In Cravaack’s district, at least one campaign website seems to be maximizing its SEO efforts, but it’s not the incumbent or the challenger. Instead, it’s the district’s Republican party. When you search “Minnesota’s 8th Congressional District,” it’s the party’s page that emerges as the third result. That places it one spot above Cravaack’s campaign website and five spots before Cravaack’s congressional site. Results for Cravaack’s opponent, Democrat Tarryl Clark, don’t even appear on the first page of results.
Ousbey suggests the higher search ranking for the party’s page is a result of the structure of the page itself, rather than the number of people who are linking to it.
“The page is probably a stronger page,” he says, meaning that even if Cravaack’s congressional site is well-linked, “it could be less optimized. It wouldn’t be the first time that a page built in bulk by the government wasn’t well optimized.”
Explaining how the party’s page is better optimized for terms like “Minnesota’s 8th Congressional District,” Ousbey noted that the URL contains the state and district abbreviation, “mn8.” The party also uses the phrase “Minnesota’s 8th Congressional District” throughout the site’s pages.
With some incumbents choosing not to take advantage of the SEO opportunities they have, the online field is wide open for challengers to improve their web presence through SEO. Mia Love, the Republican running for the newly formed 4th District in Utah against Rep. Jim Matheson, is one challenger on top of her SEO game.
When you search “Utah 4th Congressional District,” about half of the results on the first page are about Love, and none of the results are driven by Matheson. Part of the equation is that the 4th District is newly-created, so it has no true incumbent. Google “Jim Matheson” and a news article about
Love will likely appear towards the bottom of the page. In it, she expresses her optimism about taking on Matheson in November. In addition to the search rankings, Love has a fleshed out Wikipedia page, complete with biographical information and picture. When you search for her name in Google, you’ll see a brief bio and picture—borrowed from Wikipedia—alongside the results, thanks to a new Google feature. Additionally, Google lets you know that people who are searching for “Mia Love” are also searching for “Jim Matheson,” and vice versa. If she were without a Wikipedia page, the brief bio, picture, and the search suggestion could be missing.
Forming the Strategy
There is hope for those who haven’t developed an SEO strategy just yet. On the technical side, Ousbey suggests some basic SEO best practices for challengers.
“If you were a challenger and wanted to optimize a campaign page, it would be pretty straightforward SEO,” he says, suggesting candidates use popular and relevant search terms in the content of the website, encouraging others to link and to promote it across social media channels.
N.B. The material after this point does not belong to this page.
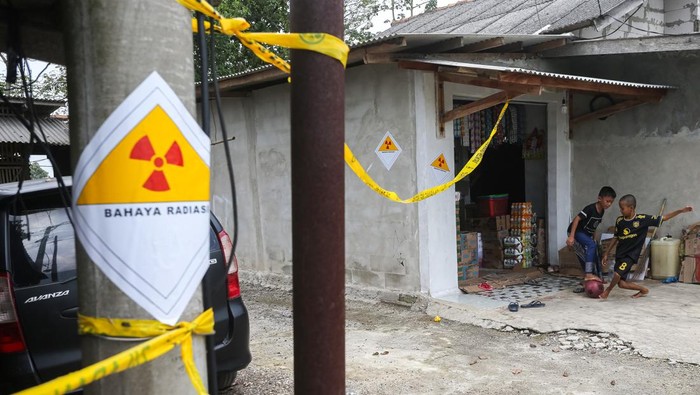 Warga beraktivitas di sekitar lokasi ditemukannya cemaran Cesium-137 (Cs-137) di Kawasan Industri Modern Cikande, Kabupaten Serang, Banten, Rabu (8/10/2025). Kementerian Lingkungan Hidup menyiapkan langkah relokasi sementara bagi warga yang tinggal di sekitar titik radiasi Cs-137 hingga proses dekontaminasi tuntas dan area dinyatakan netral. ANTARA FOTO/Angga Budhiyanto/rwa.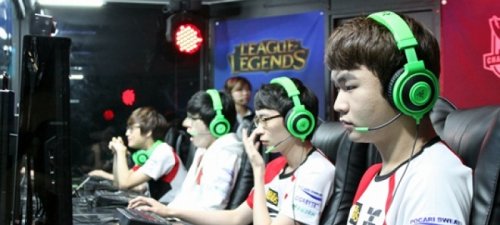 FaZe 和 Passion UA 在 StarLadder 布达佩斯 Major 2025 第二阶段的第二轮比赛中取得胜利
Another avenue worth exploring is Paid Search, says Dybwad, which is Google’s ad platform that lets users pay to place text-based advertisements on specific search result pages. Let’s say a candidate wanted to run on a platform of creating jobs for his district. Whenever a Google user located in that district’s ZIP codes searched for phrases related to jobs in the area, the candidate could pay to have an ad appear next to the search results.
“It’s a great way to get your name out there for terms that you don’t really have a shot with,” Dybwad says. “In most cases it’s still dirt cheap.”
Ultimately, there are no shortcuts or quick fixes when it comes to the time a campaign should spend on SEO.
“It’s not the kind of thing where the campaign can just buy something. It really has to be attended to every week,” says Dybwad. “The results of it, other than your page ranking in Google, are not immediately evident.” But when done well, learning to optimize the message for Google can pay off. “It is a long term labor,” he says, “and it’s really where the art meets the science.”